大阪市がこのほど、昨年11月23日から12月2日にかけて行われた社会実験について、検証結果を取りまとめた。
なんば駅周辺の空間再編後のイメージを具体化し、交通荷さばきの運用や歩行者空間の利活用検証のため、大阪市や南海電鉄、地元商店街が協力し実施した同実験。高島屋大阪店となんばマルイの間の「なんば駅前広場」を取り囲む北側の東行き2車線道路、南側の西行き2車線道路をともに封鎖し、同エリアを歩行者天国にした。既存のタクシー乗り場も同駅西側に移し、空いた場所にテーブルやイスを設置して憩いの空間へと切り替えた。
期間中に実施したアンケートには約900人が回答。「将来、この広場を歩行者のための空間に改造することについてどう思うか」という質問に対しては、9割以上の人が賛同する結果となった。

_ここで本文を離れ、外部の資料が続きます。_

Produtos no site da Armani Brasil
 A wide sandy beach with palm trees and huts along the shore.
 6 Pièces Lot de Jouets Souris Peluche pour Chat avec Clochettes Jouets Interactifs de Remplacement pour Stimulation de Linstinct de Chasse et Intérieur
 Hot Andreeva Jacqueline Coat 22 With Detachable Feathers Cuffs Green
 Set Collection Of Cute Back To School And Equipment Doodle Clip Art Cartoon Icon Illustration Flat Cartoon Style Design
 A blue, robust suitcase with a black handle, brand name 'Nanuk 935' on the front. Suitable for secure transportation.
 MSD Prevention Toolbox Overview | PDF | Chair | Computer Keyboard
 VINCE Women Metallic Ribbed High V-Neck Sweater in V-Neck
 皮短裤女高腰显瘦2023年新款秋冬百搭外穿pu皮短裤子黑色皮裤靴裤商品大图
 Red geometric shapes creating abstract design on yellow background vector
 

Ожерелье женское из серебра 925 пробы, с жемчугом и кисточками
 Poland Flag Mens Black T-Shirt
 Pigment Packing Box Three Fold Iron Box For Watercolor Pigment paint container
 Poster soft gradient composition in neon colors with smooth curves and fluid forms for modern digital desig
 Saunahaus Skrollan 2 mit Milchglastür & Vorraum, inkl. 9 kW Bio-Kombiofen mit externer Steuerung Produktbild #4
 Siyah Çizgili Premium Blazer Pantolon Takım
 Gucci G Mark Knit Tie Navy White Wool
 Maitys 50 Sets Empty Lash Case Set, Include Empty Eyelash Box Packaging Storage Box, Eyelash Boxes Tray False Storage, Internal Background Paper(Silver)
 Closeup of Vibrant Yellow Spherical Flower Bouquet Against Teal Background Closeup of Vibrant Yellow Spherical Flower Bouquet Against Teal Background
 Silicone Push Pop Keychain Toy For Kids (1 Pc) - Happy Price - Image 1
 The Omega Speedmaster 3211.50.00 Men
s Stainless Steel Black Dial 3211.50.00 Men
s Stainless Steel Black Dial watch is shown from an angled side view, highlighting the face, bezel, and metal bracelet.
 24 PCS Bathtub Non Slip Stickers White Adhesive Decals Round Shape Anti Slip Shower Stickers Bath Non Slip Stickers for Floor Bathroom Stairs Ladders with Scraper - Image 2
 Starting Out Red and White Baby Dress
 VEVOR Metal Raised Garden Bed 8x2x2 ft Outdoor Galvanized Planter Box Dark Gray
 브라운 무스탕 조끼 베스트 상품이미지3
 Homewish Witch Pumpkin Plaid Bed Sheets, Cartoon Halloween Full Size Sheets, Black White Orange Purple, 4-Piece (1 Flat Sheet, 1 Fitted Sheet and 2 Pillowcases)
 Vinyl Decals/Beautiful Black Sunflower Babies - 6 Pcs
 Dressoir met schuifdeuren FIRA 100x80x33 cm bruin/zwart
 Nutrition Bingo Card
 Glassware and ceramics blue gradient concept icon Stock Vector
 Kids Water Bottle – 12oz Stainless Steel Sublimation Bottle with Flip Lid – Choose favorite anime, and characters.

通常時として比較して高齢者や子ども、女性の滞留時間が増え、人目の行き届く安全な空間であることや、車の通りがなく、歩行者が安全に通行できたことなどが好意的に受け止められた。一方で周辺事業者からの賛同は6割程度に留まり、「周辺店舗の営業に支障が出ている」「ハード整備だけでは魅力に感じない」と課題が残る結果となった。
なんば駅前広場を歩行者天国にしたことによる交通影響については、周辺の交通量が増えたものの、特に大きな混雑はなかったとしている。放置自転車台数の変動は小さく、同駅前広場、なんさん通り南北通り、パークス通りに放置自転車が多かった。